Quanta strada aggio fatto
pe’ sagli’ sta furtuna
mmiez’ ‘a gente distratta
io nun ero nisciuno
quanta notte scetato
pe’ scala’ chillo muro
mmiez’ ‘e figli scurdato
aggi’ appiso ‘a paura.
Io aspettavo a te
crescevo dint’ ‘o sanghe
a’ musica vullente
…
Ciro, detto Etcìro per la salute cagionevole, era uno scugnizzo dei Quartieri Spagnoli. Rispetto a tutti gli altri ragazzini, era decisamente più maturo. Ciro aveva ottantacinque anni e da trentacinque girava i vicoli di Napoli in sella al suo Garelli Ciclone con la marmitta truccata.
Quando vedeva una macchina della polizia, si avvicinava. Se il finestrino era abbassato, colpiva il guidatore con la sua dentiera. L’atto di sfida glielo facevano pagare sempre caro, e così Ciro detto Etcìro aveva passato quasi tutta la sua vita a fare avanti e indietro da Poggioreale.
Un lavoro fisso non lo aveva mai avuto. Si era sempre arrangiato in qualche modo: aiuto meccanico, lavapiatti, pizzaiolo o insegnante di fisica quantistica. Sì, perché Ciro detto Etcìro si era laureato in fisica nel 1960, centodieci e lode, ma, a causa di allucinazioni dovute a un’indigestione di impepata di cozze, aveva lasciato perdere la carriera universitaria per diventare prete.

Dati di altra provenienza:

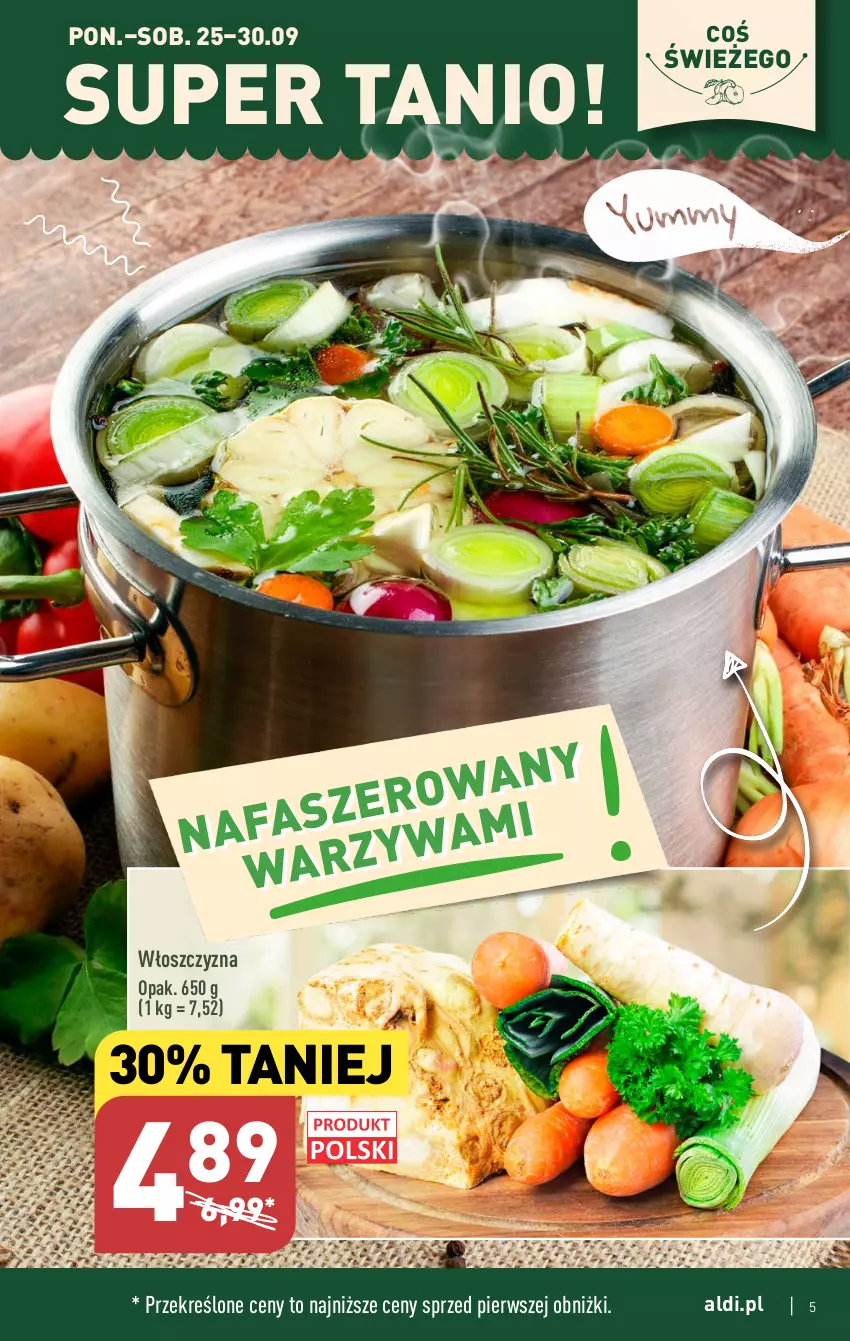 Gazetka promocyjna Aldi - Pełna oferta - ważna 25.09 do 30.09.2023 - strona 5 - produkty: Fa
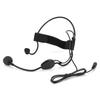 3.5MM Plug Mini Headband Microphone Omnidirectional Pickup Condenser Headset Mic  Performance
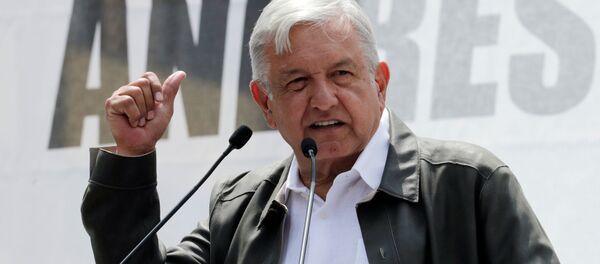 Andrés Manuel López Obrador, el presidente mexicano - Sputnik Mundo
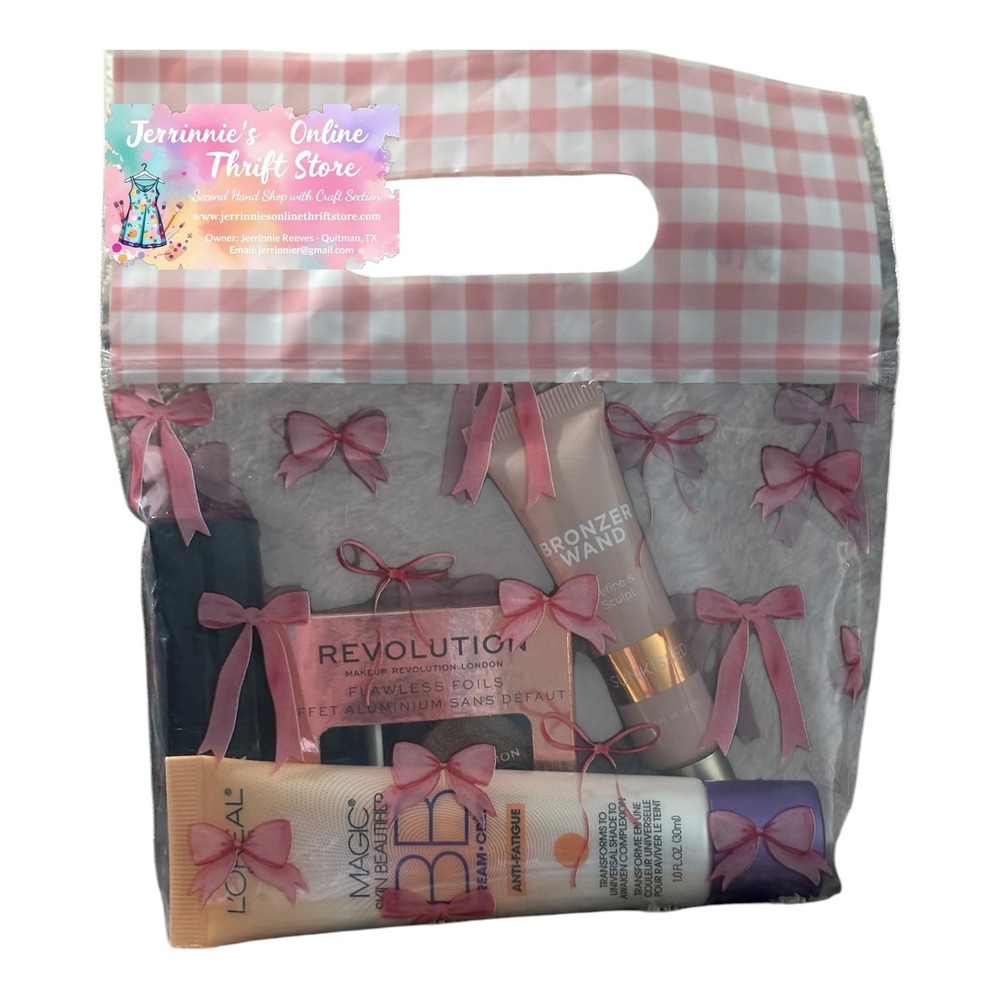 L'Oreal‎ BB Cream Revolution Flawless Foils Bronzer Wand Makeup Bundle Set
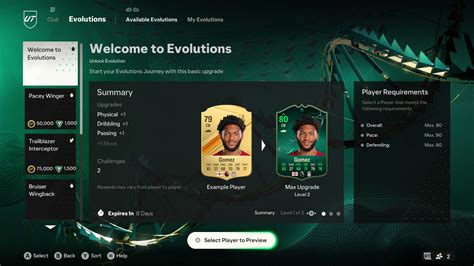 Ea Fc 24 Evolutions Explained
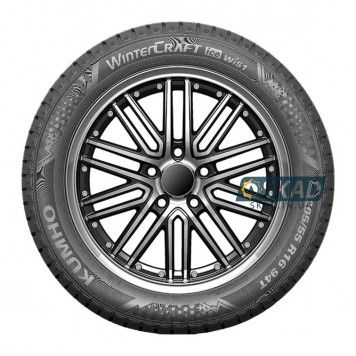 Kumho WinterCraft Ice Wi51 255/40 R19 100T XL зимова шина-1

La fede, però, non l’aveva mai trovata. Così, si era lanciato in un’impresa che sarebbe entrata nella storia: il giro del mondo in triciclo. Sebbene avvantaggiato dalla piccola statura, un metro e trenta a riposo, lo sforzo era stato notevole.
Quando tornò, dieci anni dopo, ad aspettarlo non c’era nessuno, a parte un giornalista del Corriere della Sera che era lì solo perché aveva sbagliato strada. Nonostante ciò, il giornalista dedicò un articolo all’impresa, “Un pigmeo napoletano sulle orme di Phileas Fogg”.
Ciro fu travolto da un inaspettato successo, anche se le chiamate che riceveva erano principalmente di impresari che volevano assumerlo in qualche circo delle pulci. Fu allora che Ciro capì il significato delle parole Parerga e Paralipomena, comprò un Garelli e inziò la sua avventura di ragazzone della strada.
Anticipo la vostra domanda: cosa centra Ciro con il testo della canzone? Nulla, a parte l’ambientazione partenopea. Lo confesso, anche con l’aiuto di alcuni interpreti non sono riuscito a decifrare una sola parola di questo testo astruso.
Un mio amico napoletano, che mi ha insegnato a bere il caffè senza lo zucchero e il cucchiaino, mi ha detto che la canzone è un capolavoro.